Umstrittenes Gesetz EU-Parlament billigt Einführung neuer Abgastests

Ab 2017 werden die Abgaswerte von Dieselfahrzeugen unter Realbedingungen gemessen. Das EU-Parlament hat für einen entsprechenden Entwurf gestimmt. Gleichzeitig winkten die Abgeordneten Zugeständnisse an die Autohersteller durch.
Neue EU-Abgasvorschriften: Strengere Tests, laxe Vorschriften

Neue EU-Abgasvorschriften: Strengere Tests, laxe Vorschriften

Foto: imago

Das Europaparlament hat die umstrittenen neuen Abgastests für Dieselautos gebilligt. Für den Vorschlag stimmten am Mittwoch in Straßburg 323 Abgeordnete, vor allem Konservative und Liberale. 317 Parlamentarier, vor allem Grüne und Vertreter des linken Lagers, lehnten die Vorlage ab.
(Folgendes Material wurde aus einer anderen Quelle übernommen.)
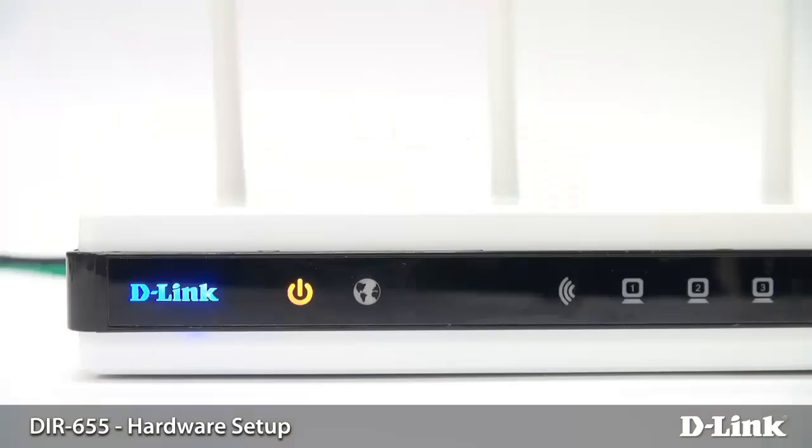Once you've done that, you just want to look at the lights on the front of the router. Now, depending on the router that you have, the lights that you see on the screen here may be a little bit different than yours, but you're typically going to have a power light and a globe light. When the router is fully booted up, the power light should turn either blue or green, and the globe light will either turn green or orange.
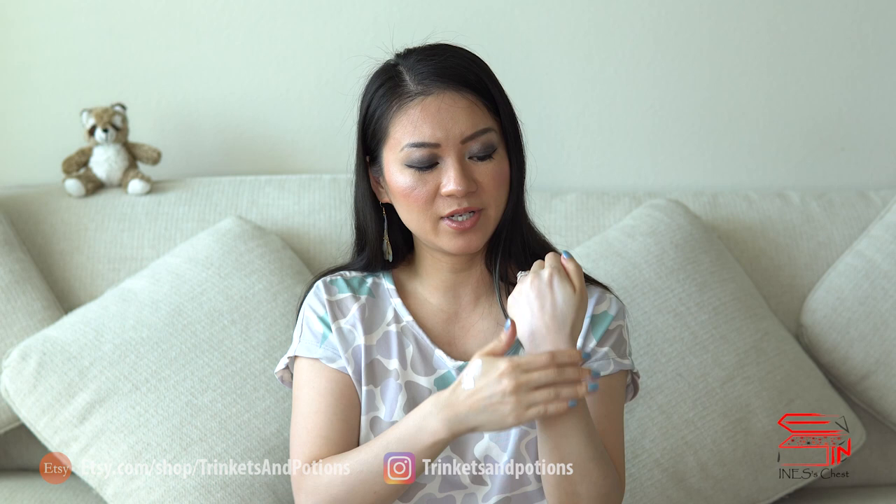I'm gonna show you both. This is the face version and this is the body version. Another difference is that the opening of the face version is a lot smaller than the body version. It makes sense because when you put it on your body, you want it to come out as quickly as you want. So look, it just blends in very well.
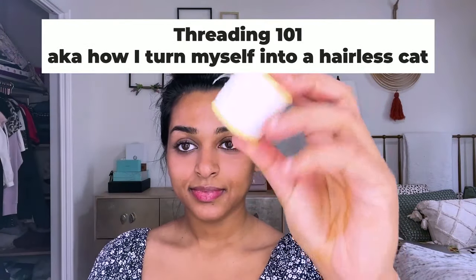I'm really hairy, and that's cool, I've learned to live with it, but sometimes I don't want the hair on my face. So here's how I turn myself from a woolly mammoth into a hairless cat, aka how I remove my facial hair using a piece of thread.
Der Verordnungsentwurf basiert auf einem Beschluss von Experten der 28 EU-Staaten. Mit der Einführung sogenannter Real Drive Emission Tests (RDE) auf der Straße sollen in der EU ab 2017 realistischere Ergebnisse erzielt und Manipulationsversuche verhindert werden. Das Thema hatte vor allem durch den Abgasskandal bei Volkswagen Brisanz erhalten.

Dass die Tests unter Realbedingungen stattfinden und nicht mehr wie bisher im Labor, ist eine Regelverschärfung. Erlaubt sind nach der aktuellen Euro-6-Abgasnorm nur 80 Milligramm Stickoxid pro Kilometer. Doch der im Oktober gefundene Kompromiss zwischen EU-Kommission und Mitgliedsländern sieht vor, dass die Hersteller die bisherigen Laborwerte überschreiten dürfen: So sollen neue Fahrzeugmodelle ab September 2017 einen 110 Prozent höheren Wert (Faktor 2,1) bei Stickstoffoxiden aufweisen dürfen, bevor die Grenze ab 2020 auf 50 Prozent (Faktor 1,5) sinkt. Bei der Zulassung von Neuwagen sollen die Regeln ab 2019 beziehungsweise 2021 gelten.

"Sieg der Vernunft"

Diese Zugeständnisse an die Autoindustrie hatten bei Umweltschützern Empörung hervorgerufen. Der Umweltausschuss des Parlaments hatte den Entwurf im Dezember sogar abgelehnt. Die Bürgermeister mehrerer europäischer Großstädte wie Paris, Madrid und Mailand hatten die Parlamentarier ebenfalls dazu aufgerufen, ein Veto einzulegen und für strengere Vorgaben zu kämpfen.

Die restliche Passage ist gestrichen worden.